# Finding the total impedance and voltage across open terminals

The question that I'm trying to solve is the following:

In the circuit shown below, what is the total impedance in ohms across the open terminals? What is $$\v_{T}\$$ if $$\v_{L}\$$ is 80 vrms?

This is how I solved the problem.

I let $$\Z_{1}\$$ be equal to the 10-ohm resistor, $$\Z_{2}\$$ to the -j60-ohm, and $$\Z_{3}\$$ to $$\30+j40\$$.

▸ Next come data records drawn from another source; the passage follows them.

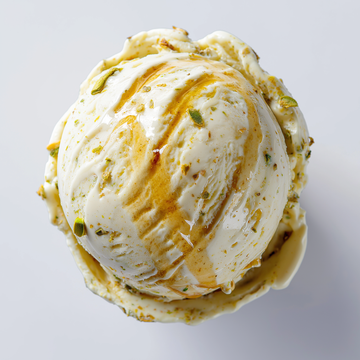 Pistachio Honeycomb ice cream flavor by Mashup Ice Cream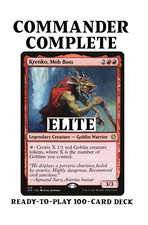 Krenko, Mob Boss ELITE Goblin Gettoni Tribali MTG Mazzo Comandante Personalizzato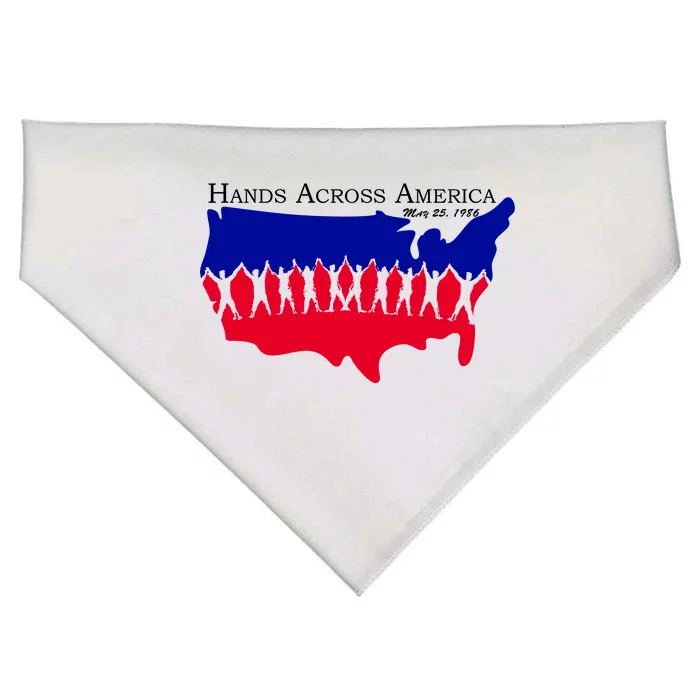 Hands Across America Stand Together USA-Made Doggie Bandana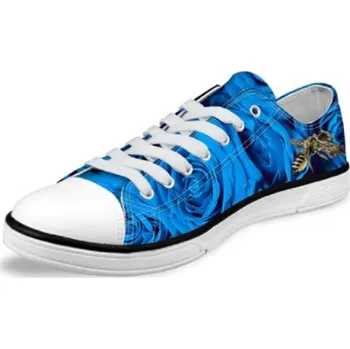 Dámské tenisky Dámské tenisky s potiskem včely J1179 modrá 42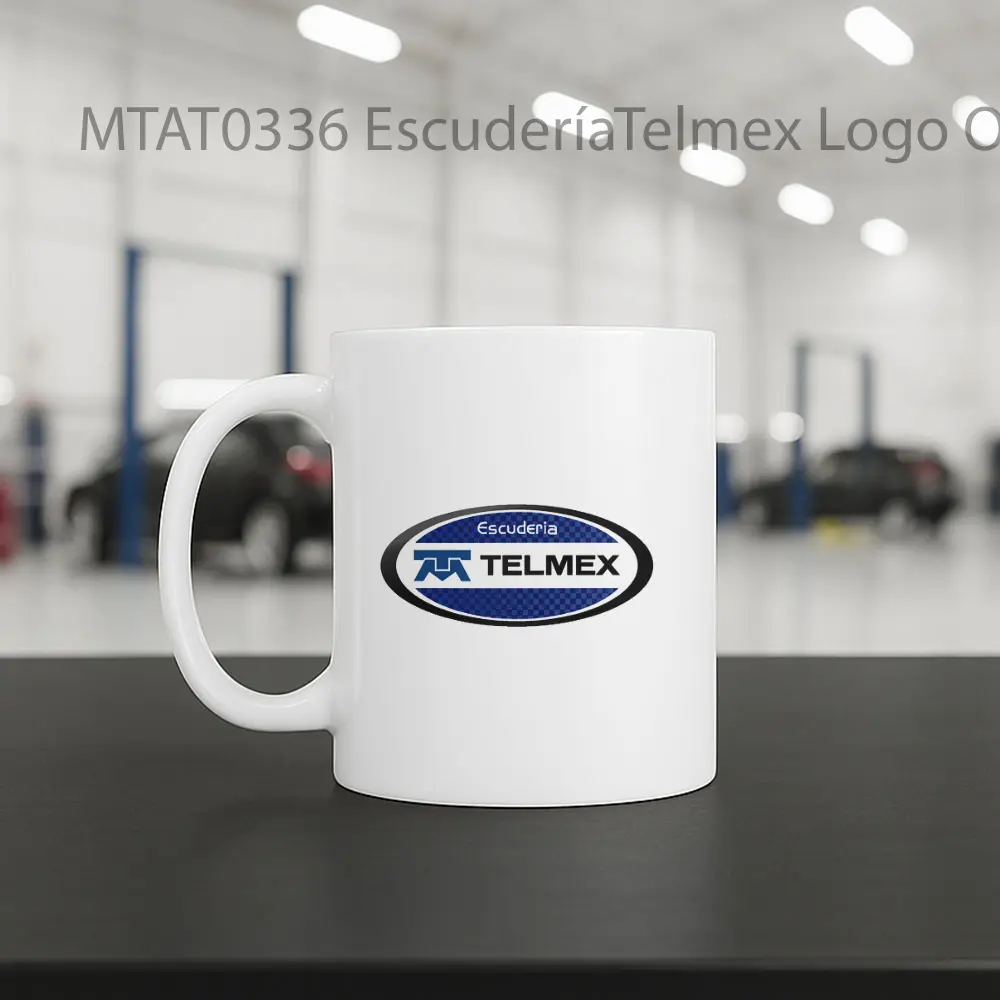 EscuderíaTelmex Logo Otomotif Mug - Sudut 2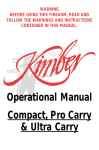 Operational Manual Compact, Pro Carry & Ultra Carry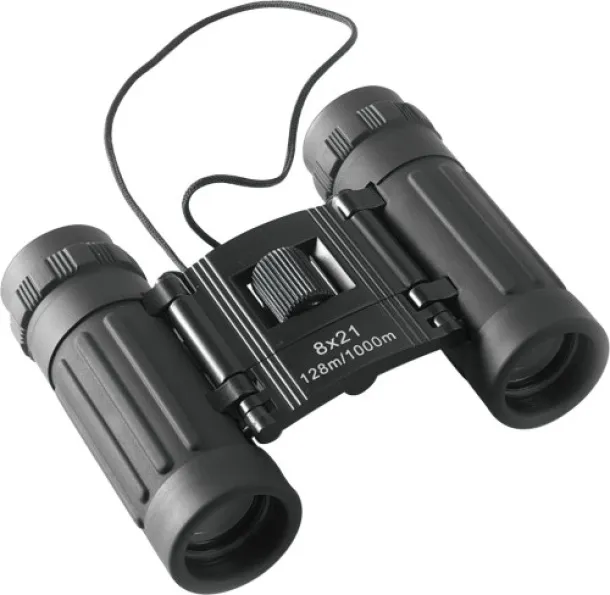 TOBEY Aluminium binoculars black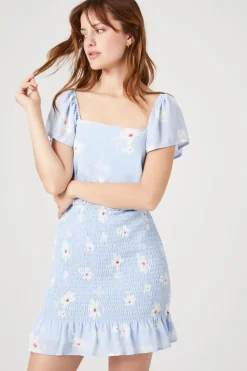 Floral Print Mini Dress
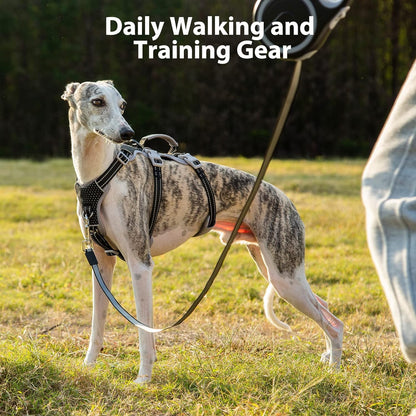 Huntboo Escape Proof Harness, No Slip Dog Harness Escape Proof, Fully Reflective Harness with Handle, Breathable, Durable, Adjustable Vest for Medium Dogs Walking and Training Gear (Black, M)7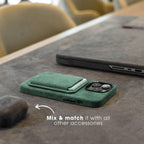 iPhone 15 Pro - Alcantara Case- Midnight Green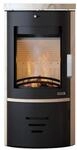Accente Kaminofen Tifano Sandstein schwarz 6,5 kW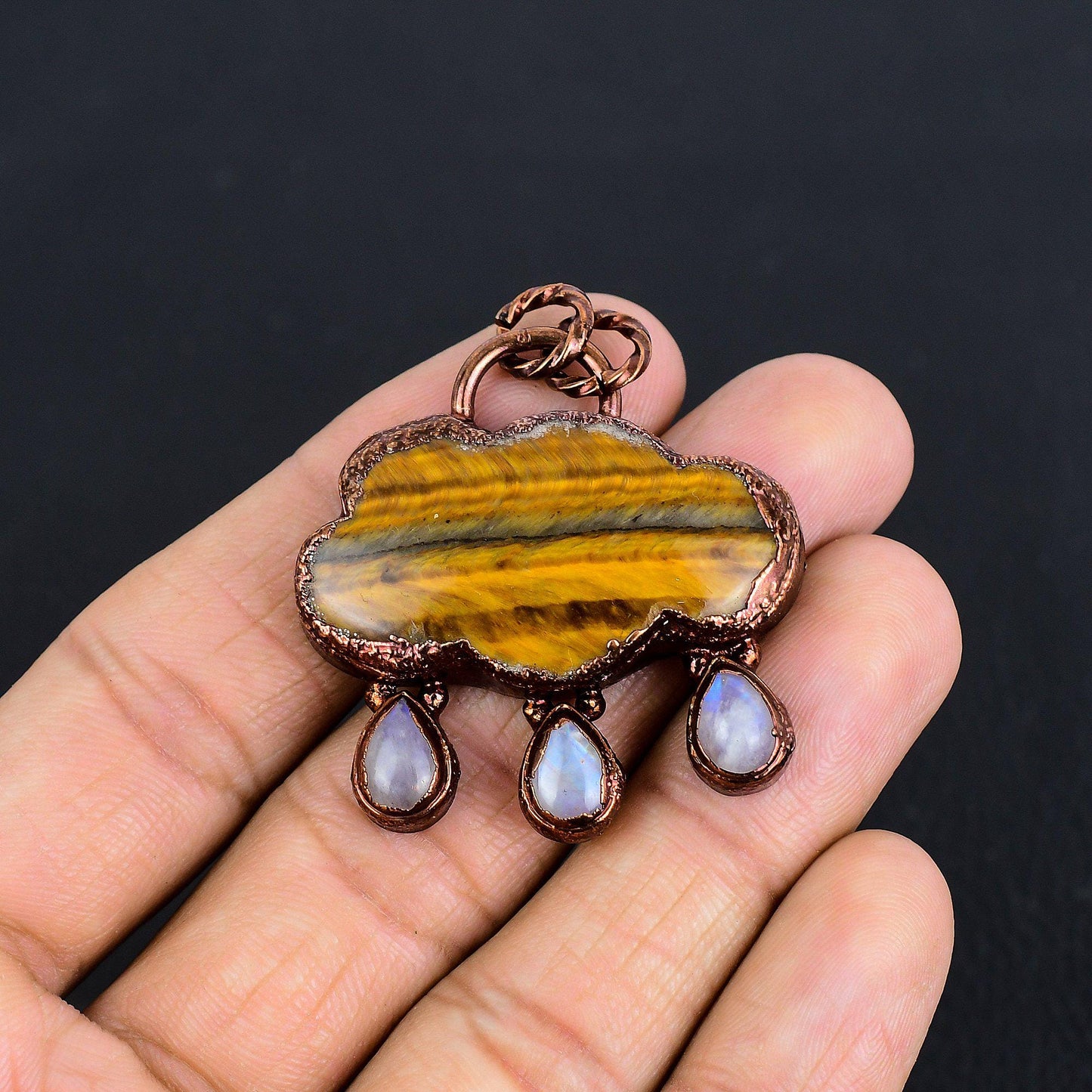 Brown Tiger Eye Gemstone Pendant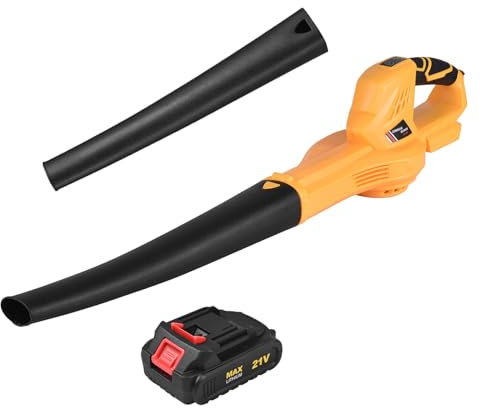 Aoresac Souffleur de feuilles sans fil, souffleur de feuilles turbo à 6 vitesses, souffleur électrique sans fil 160 MPA avec batterie de 3,0 Ah 3000 mAh et chargeur, souffleur de feuilles sans fil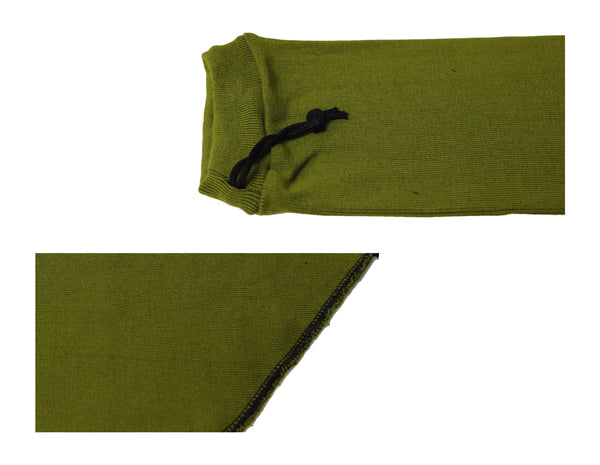 54 Inches Knit Gun Sock for Rifle and Shotguns,Greens Anti-Rust, Silicone Treated, Drawstring Closure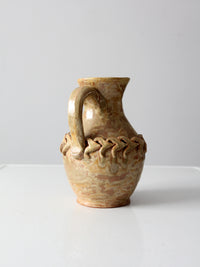 vintage studio pottery pitcher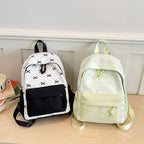 Cute everyday backpack with embroidered bows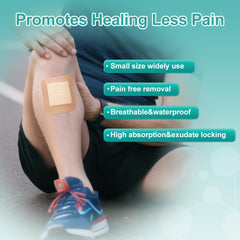 Dimora silicone foam dressing waterproof-barrier 3x3 inch shields the wound from moisture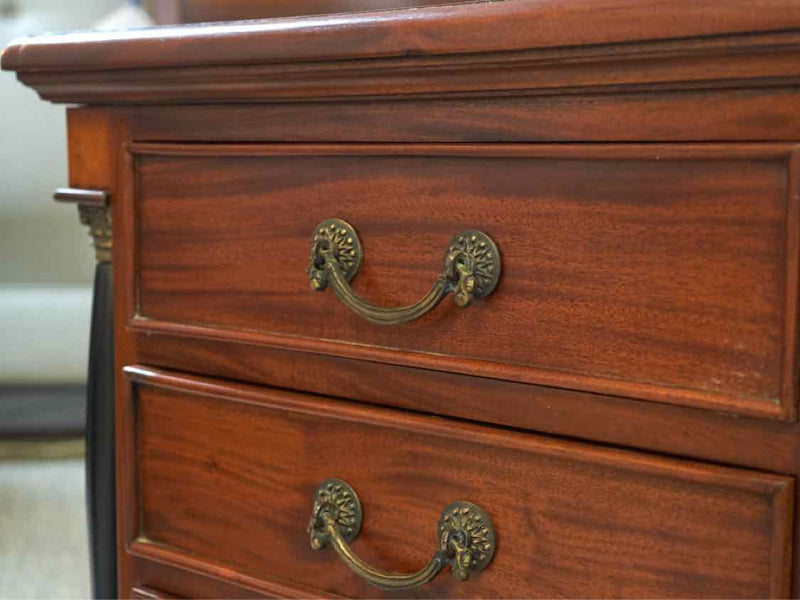 Pair of Neoclassical Nightstands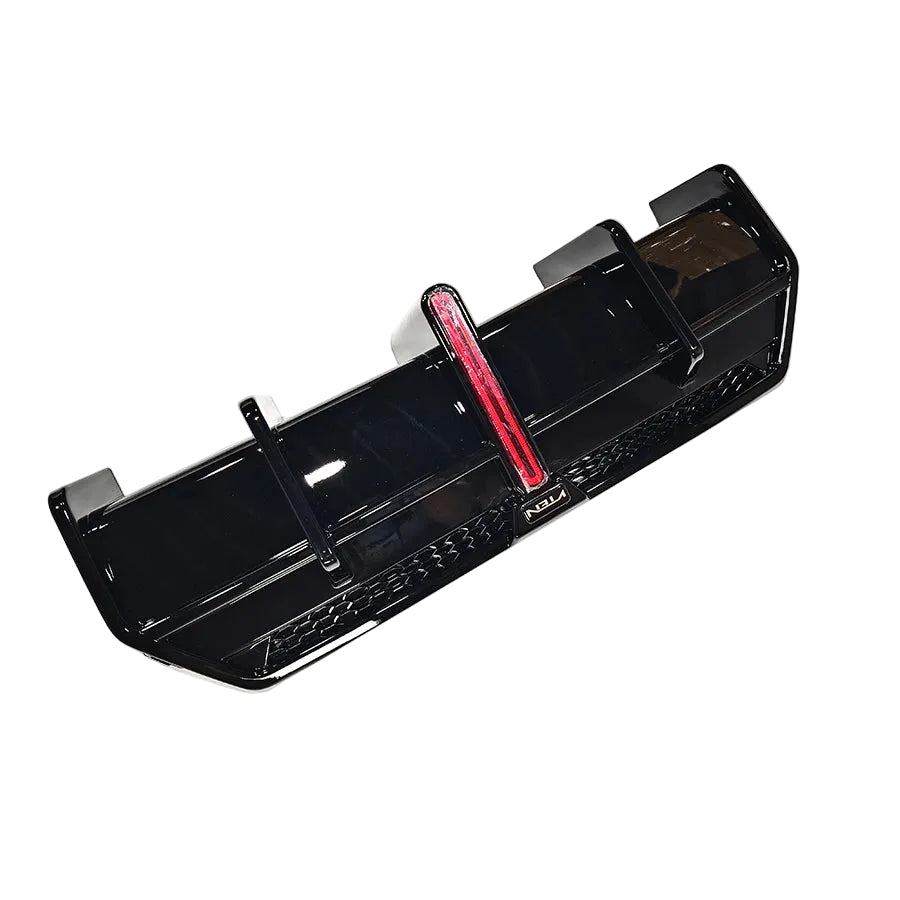 BMW 2 Series (G42) Custom Rear Bumper Diffuser W/ F1 LED Brake Light - Gloss Black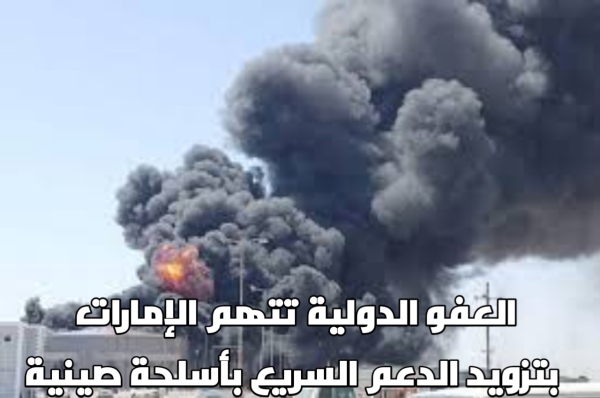 العفو الدولية تتهم الإمارات بتزويد الدعم السريع بأسلحة صينية العفو الدولية تتهم الإمارات بتزويد الدعم السريع بأسلحة صينية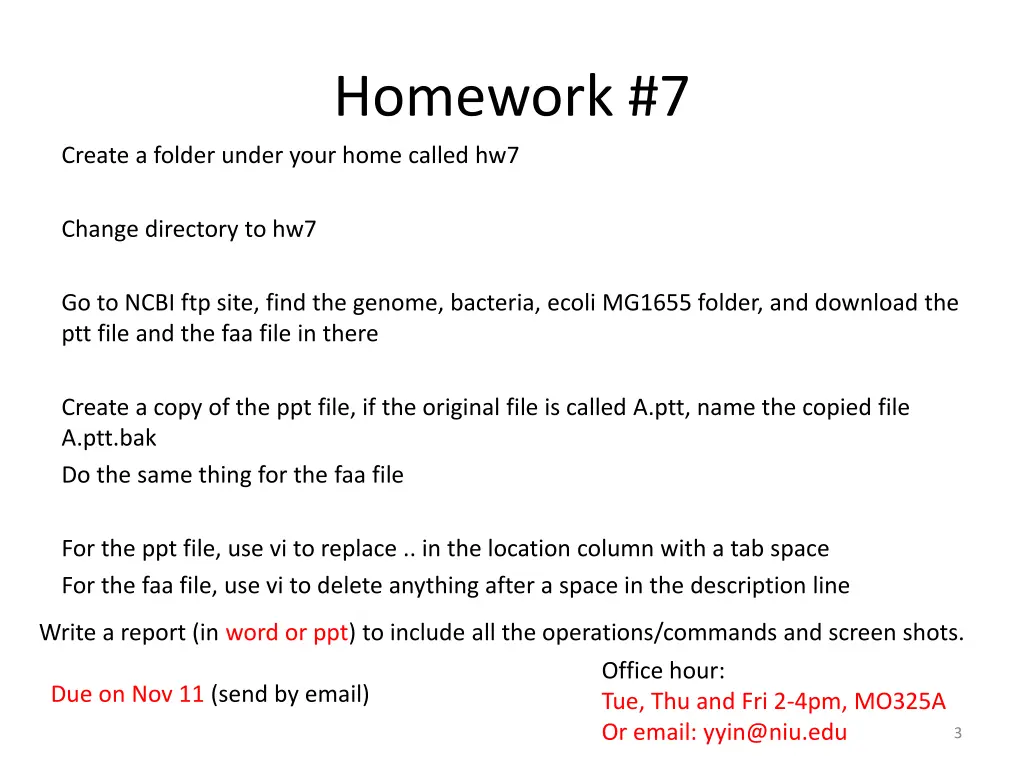 homework 7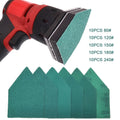 50 Pack Sandpaper Sheets Assorted Grits 65x92mm for Sanders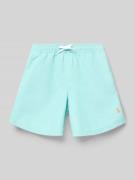 Polo Ralph Lauren Kids Regular Fit Badeshorts mit Tunnelzug in Helltue...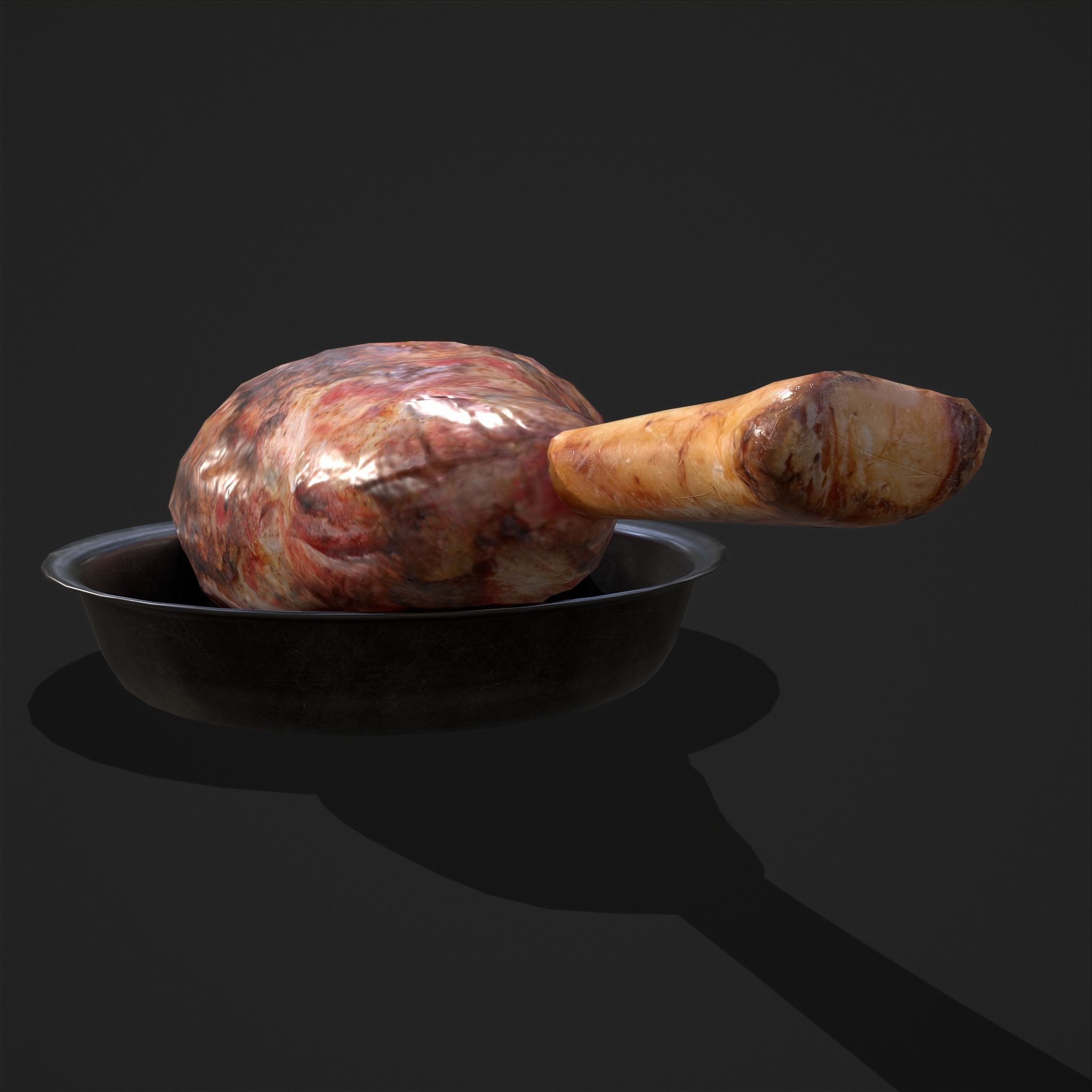 Meat on Bone Low-poly 3D model_20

Solving for the total impedance: $$z_{t} = z_{1}+z_{2}\left | \right |z_{3} = 10 + \frac{\left ( -j60 \right )\left ( 30+j40 \right )}{30-j20}=\frac{1210}{13}-\frac{60}{13}j$$

I'm not sure though if looking for the total impedance is similar to looking for the equivalent impedance/input impedance as shown in my textbook.

For the voltage, I used the voltage division principle:

$$v_{L} = \frac{z_{3}}{z_{1}+z_{2}+z_{3}}\left ( v_{T} \right )$$

Then, I solved for $$\v_{T}\$$ which is equal to $$\\frac{64}{5}-j\frac{352}{5}\$$.

Now, I have two questions in mind:

1. Is total impedance the same as input impedance or equivalent impedance?

2. Is 80 vrms interpreted as 80 V?